Tomographic Reconstruction of Water Vapor Density Fields From the Integration of GNSS Observations and Fengyun-4A Products

The potential of precipitable water vapor (PWV) maps retrieved by remote sensing satellites can address the geometry defect of global navigation satellite system (GNSS) observations in tropospheric tomography. The second-generation geostationary meteorological satellite Fengyun-4A (FY-4A) of China can provide PWV products with high spatial (4 km) and temporal (15 min) resolutions. This article presents the first study on water vapor tomography by integrating GNSS measurements and FY-4A products using the node-based parameterized method.

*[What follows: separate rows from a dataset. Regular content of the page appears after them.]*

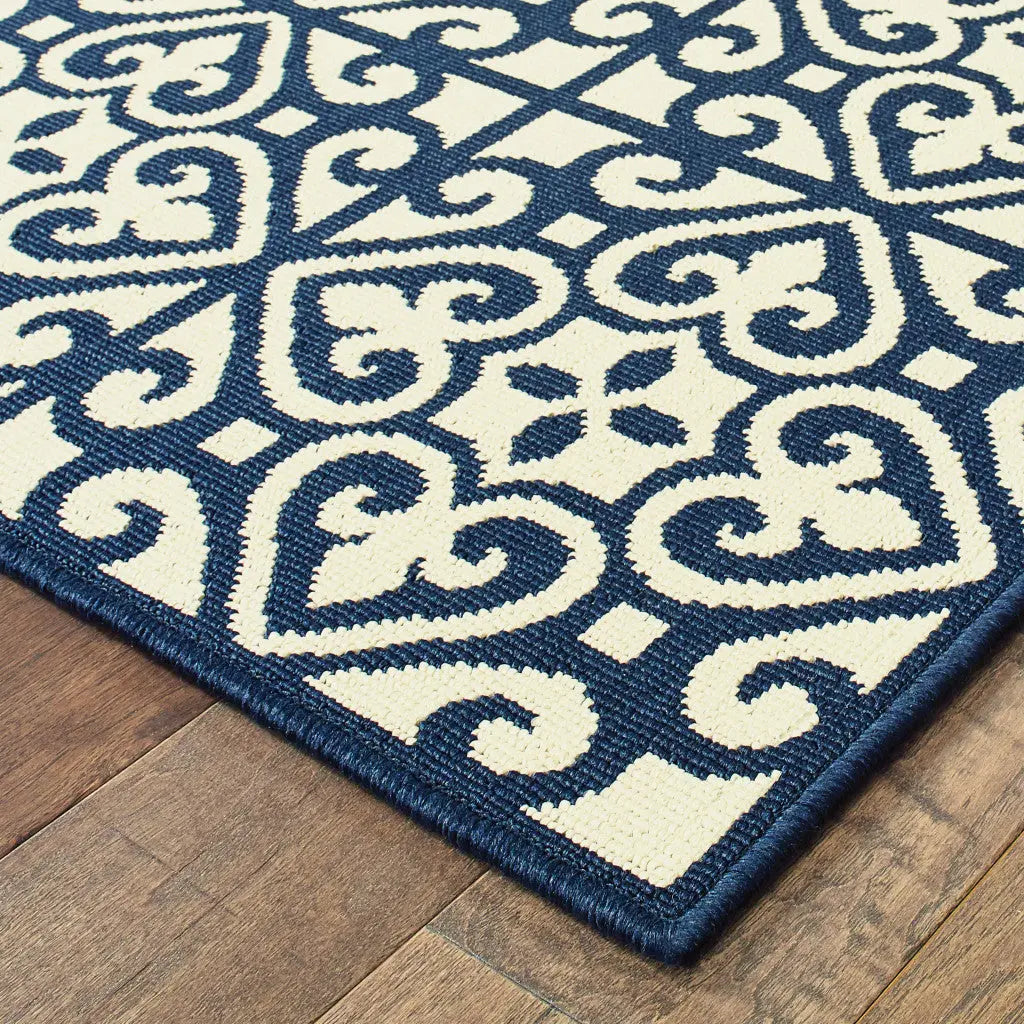 7' X 10' Ivory and Blue Geometric Stain Resistant Indoor Outdoor Area Rug Homeroots Outdoor
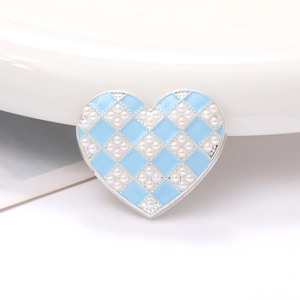 Macro shot of heart-shaped zinc alloy charm with light blue enamel, pearls, and silver trim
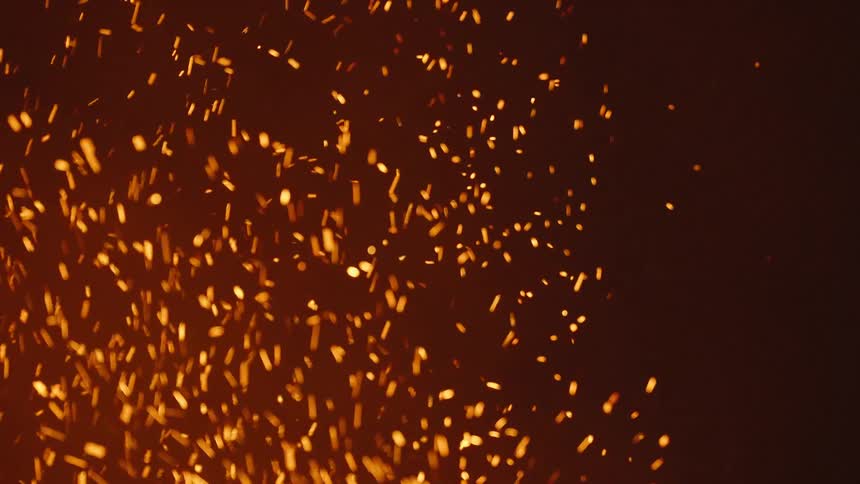 A fire generates lots of sparks and burning coal type substances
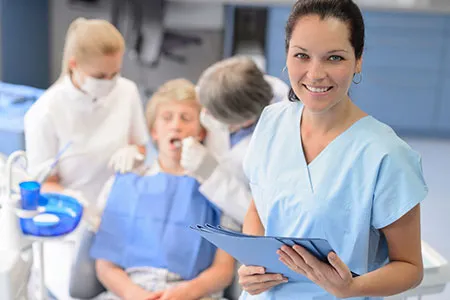Office assistant holding files and a patient in dental chair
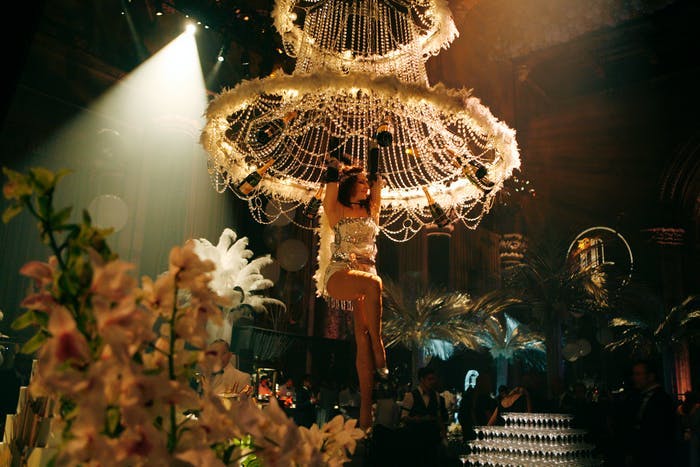 Gatsby Party With Entertaining Flappers Hanging From Feather Chandeliers | PartySlate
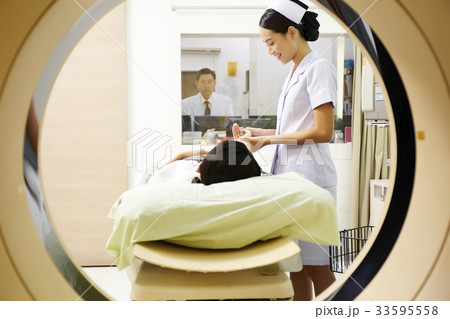 A photo of an Asian young nurse helping a patient while a doctor is looking through the glass. A photo of an Asian young nurse helping a patient while a doctor is looking through the glass. 33595558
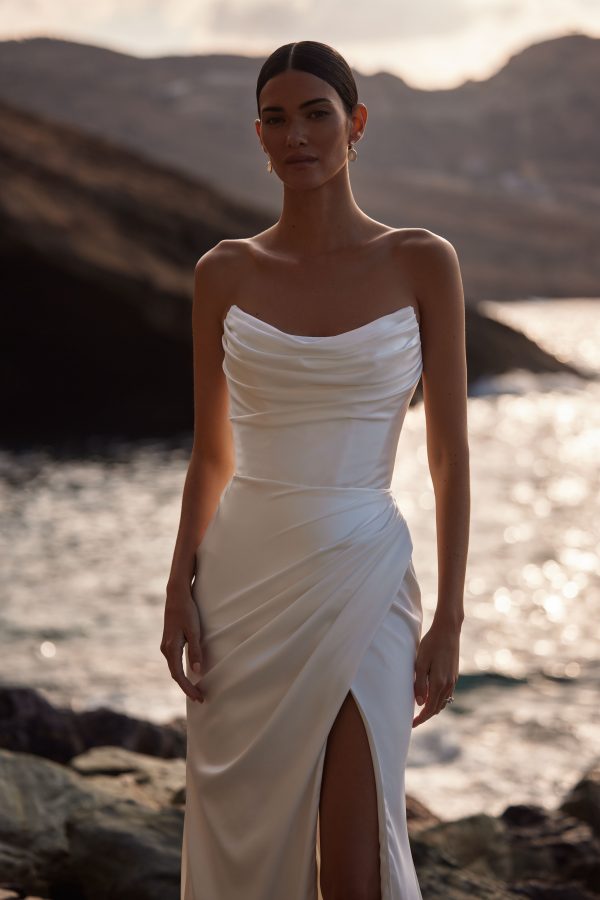 Bellissima by Milla Nova. A Glamorous and sleek satin A-line wedding gown with elegant draping. The sleeveless design features a structured corset with visible boning, a sharp artfully draped neckline, and a fitted maxi skirt with a daring thigh-high slit. Side draping accentuates the silhouette, leading to a daring side slit and finishing with a subtle train. Can be complimented by a chic satin off-the-shoulder bolero Bellissima with long sleeves. You can also choose a detachable train to extend the dress.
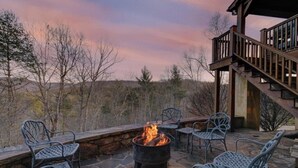 An outdoor patio with a fire pit, stone flooring, and metal chairs.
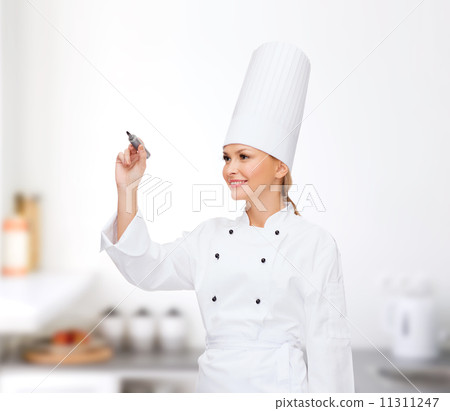 smiling female chef writing something on air 11311247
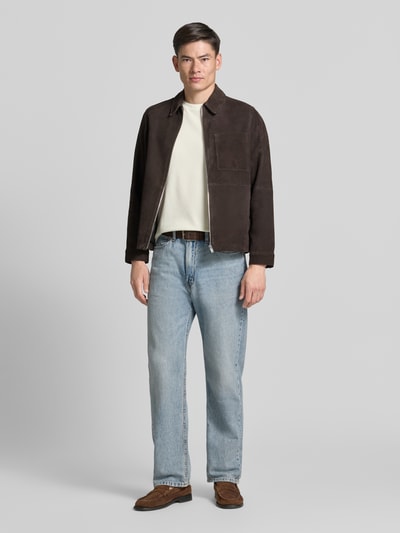 Männermodel trägt Regular Fit T-Shirt aus Baumwoll-Mix Modell 'TIBURT 240' von BOSS in Beige, kombiniert mit heller Jeans, Herren T-Shirt, Ganzkörperansicht von vorne.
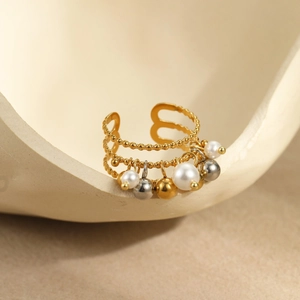 Macro detail of triple-layered gold bead ring with pearl and metal sphere charms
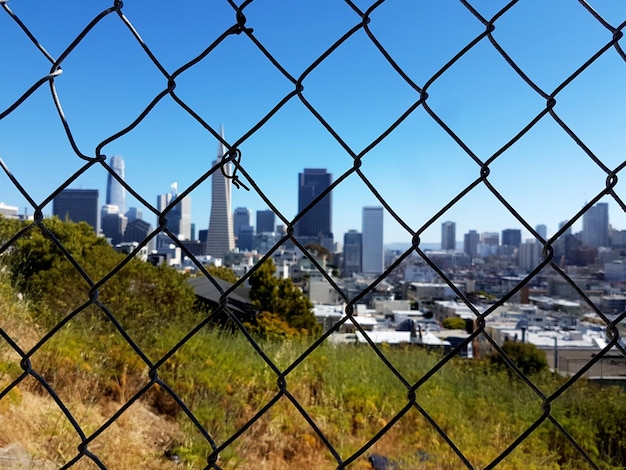 Городской пейзаж через цепной забор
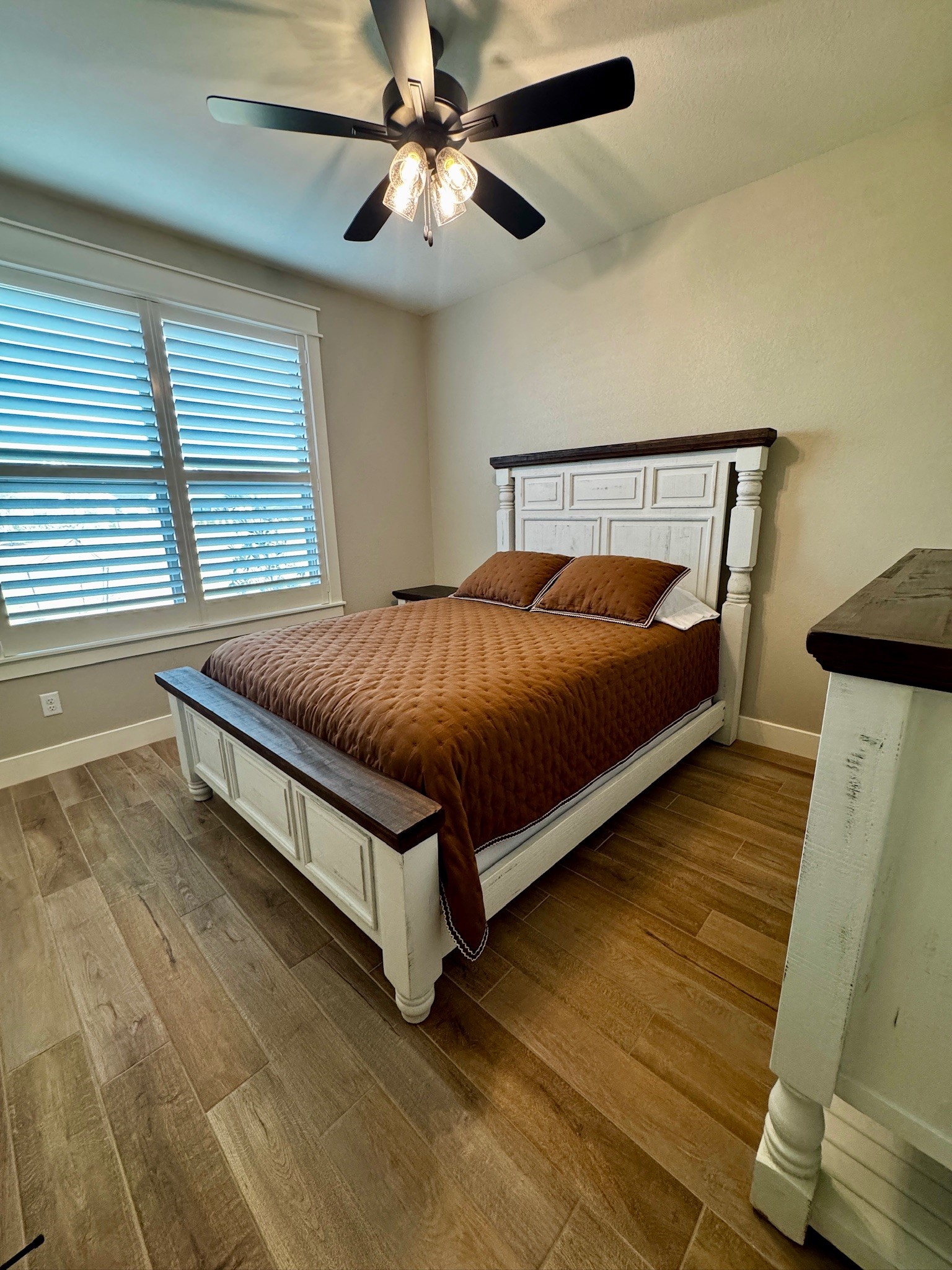 5854 Reliance Ridge Circle Bryan, TX 77808 - Photo 28 of 32 a bed sitting in a bedroom next to a window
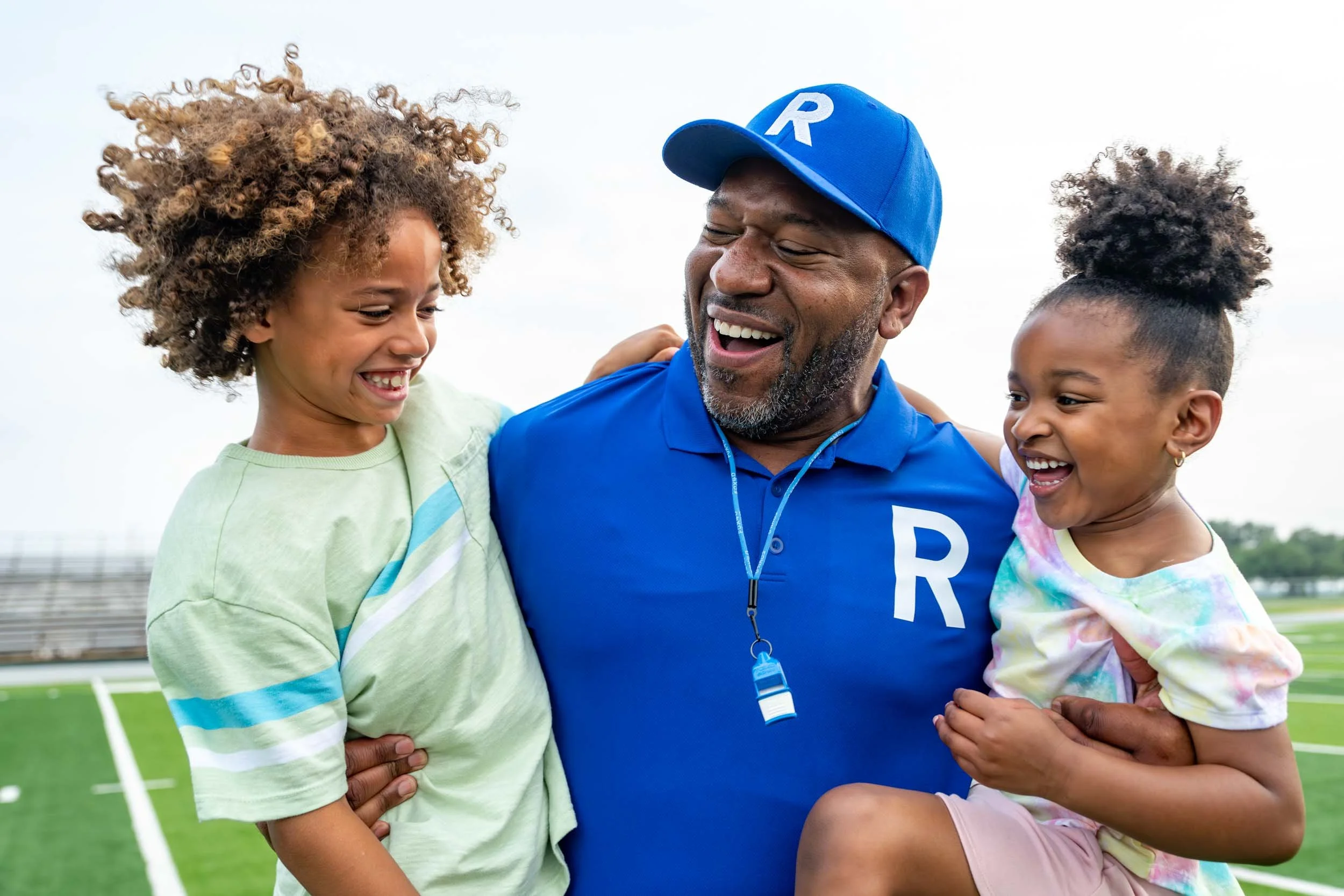 Coach-Carrying-Kids-on-Sports-Field.jpg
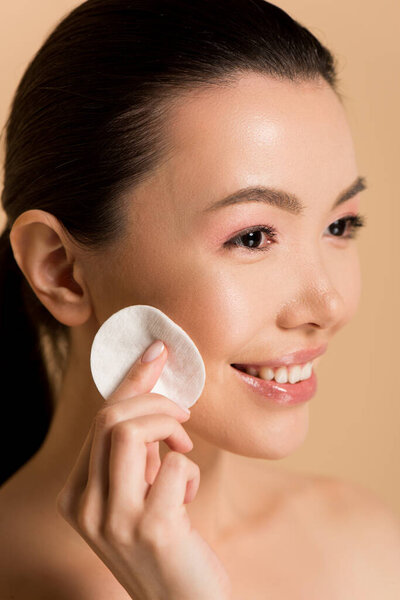 smiling asian girl removing makeup from face with cotton pad isolated on beige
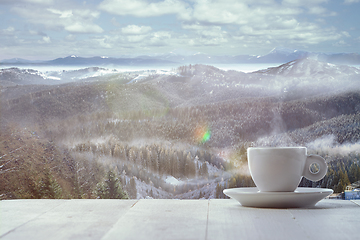 Image showing Single tea or coffee mug and landscape of mountains on background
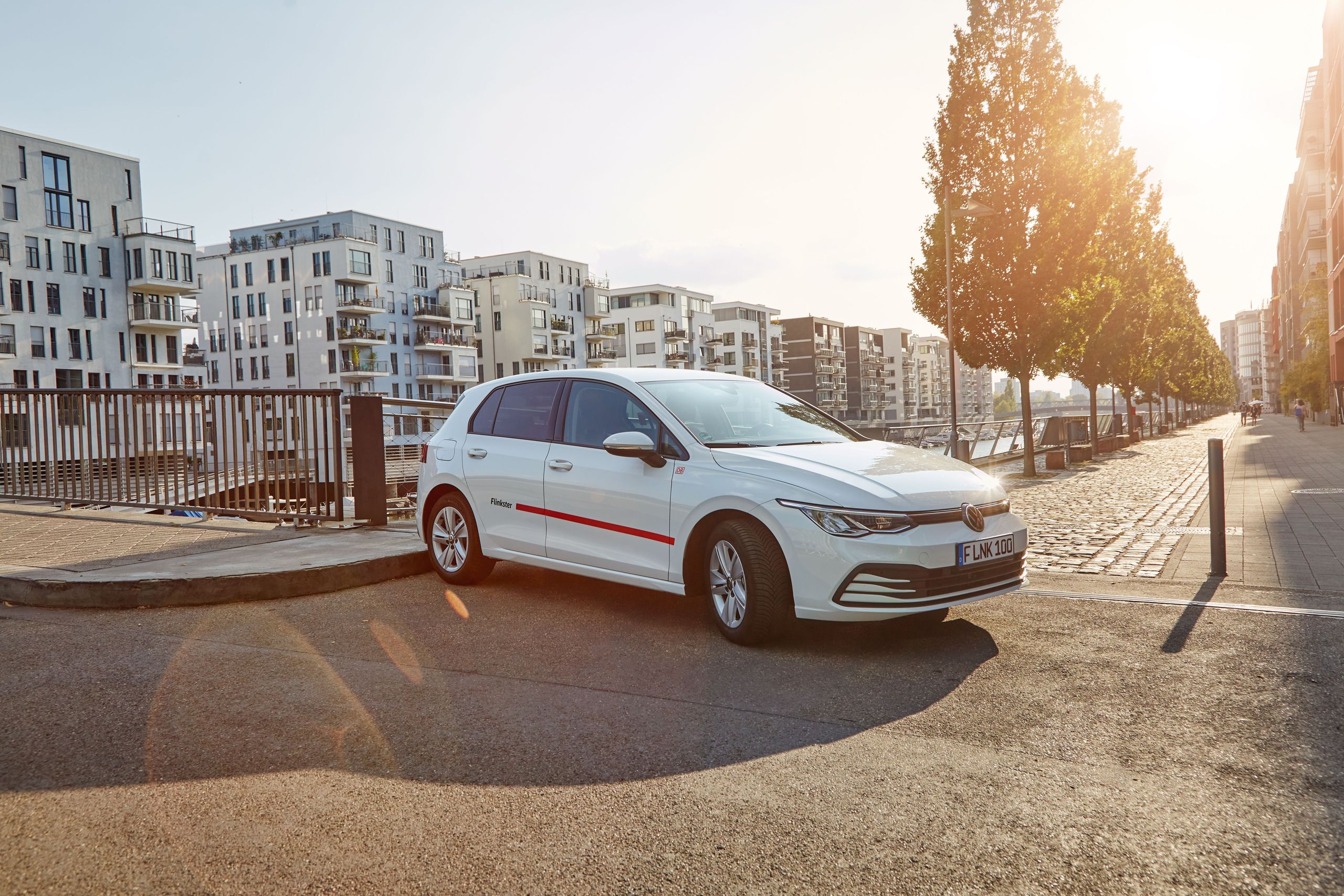 Parked Flinkster car in a modern city district at sunset.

Layer PWV (LPW) products of FY-4A instead of the total PWV are adopted, which can increase the rank of the tomographic equation significantly. The integrated tomography model is validated with observational data collected over the three-month period of June to August 2020 from 124 GNSS stations in Hunan province, China. Assessments using radiosonde and European Centre for Medium-Range Weather Forecasts ReAnalysis 5 (ERA5) data demonstrate the better performance of the integrated model against the traditional model using GNSS data alone. In the assessment with radiosonde profiles, the integrated model improves the tomographic solutions upon the traditional model by 40.58% and 36.33% for 30- and 15-min resolutions, respectively. Root mean square errors (RMSEs) of density differences between ERA5 and the integrated model vary from 1.24 to 2.82 g/m(3) throughout the study area. RMSEs vertically decrease from similar to 5 g/m(3) at the bottom to similar to 0.5 g/m(3) at the top layer of about 10 km. This work demonstrates the benefit of high-quality FY-4A products to GNSS tomography because they can effectively mitigate the ill-posed problem of inverse process.